Tuesday, February 11, 2020

Baru Hapal Sedikit


Pada beberapa tahun lalu, saya pernah beritikaf di masjid bilangan Pos Pengumben. Namanya orang masih bekerja, belum cuti lebaran, itikaf yang dilakukan adalah itikaf kalong. Abis maghrib datang, abis subuh pulang untuk masuk kantor.

Selain menu nasi padang gratis yang menjadi santapan sahur, itikaf ini diadakan sholat qiyamul lail berjamaah. Biasanya dilakukan di jam setengah tiga pagi setelah tidur.

Pada satu kesempatan ada sebuah kejadian menarik. Seorang jamaah menolak untuk memenuhi shaf kosong. Alasannya karena shaf tersebut terpotong tiang masjid. "Saya pernah baca hadits, bahwa shaf yang terpotong, sholatnya tidak sah."


Saya jadi terpengaruh. Saya ikut-ikutan untuk tidak memenuhi shaf kosong yang terpotong tiang tersebut.
"Enggak apa-apa Pak. Saya juga pernah baca hadits-nya."Kata seorang jamaah lain dengan percaya diri. Maksudnya dia pernah membaca juga hadits yang berbunyi bahwa, shaf yang terpotong tiang sholatnya tetap sah.

Akhirnya bisa ditebak. Yang yakin dengan hadits pertama tetap dengan pendiriannya, sedangkan yang yakin dengan sebaliknya, tetap juga dengan pendiriannya.
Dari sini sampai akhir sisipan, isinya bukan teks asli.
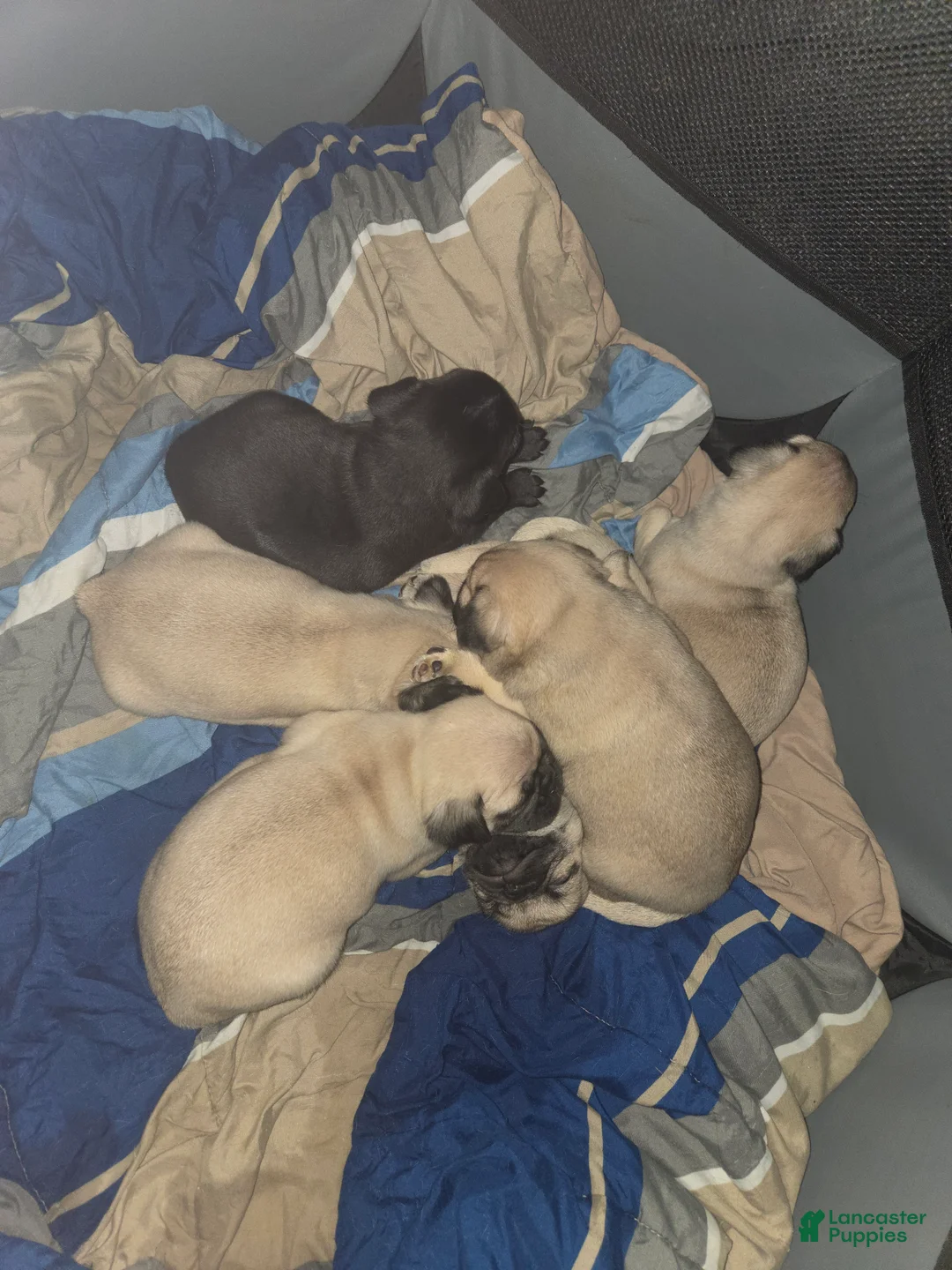 Pug dogs for sale: Purple - Ad 11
Pada waktu itu muncul rasa kagum dalam diri saya. Hebat juga orang-orang ini. Suka membaca hadits.

Pada tahun 2017, saya berkesempatan untuk menunaikan ibadah umroh yang dibiayai oleh perusahaan. Saya berkunjung ke kota suci Mekah dan Madinah. Di masjidil haram dan masjid nabawi, kedua-keduanya dipenuhi dengan tiang-tiang. Dan tak ada yang mengeluhkan sholatnya tidak sah karena shafnya terpotong tiang. "Wah si Bapak itu maennya kurang jauh. Mudah-mudahan dia bisa menunaian ibadah umroh atau haji biar bisa lihat di sini." Begitu kata saya.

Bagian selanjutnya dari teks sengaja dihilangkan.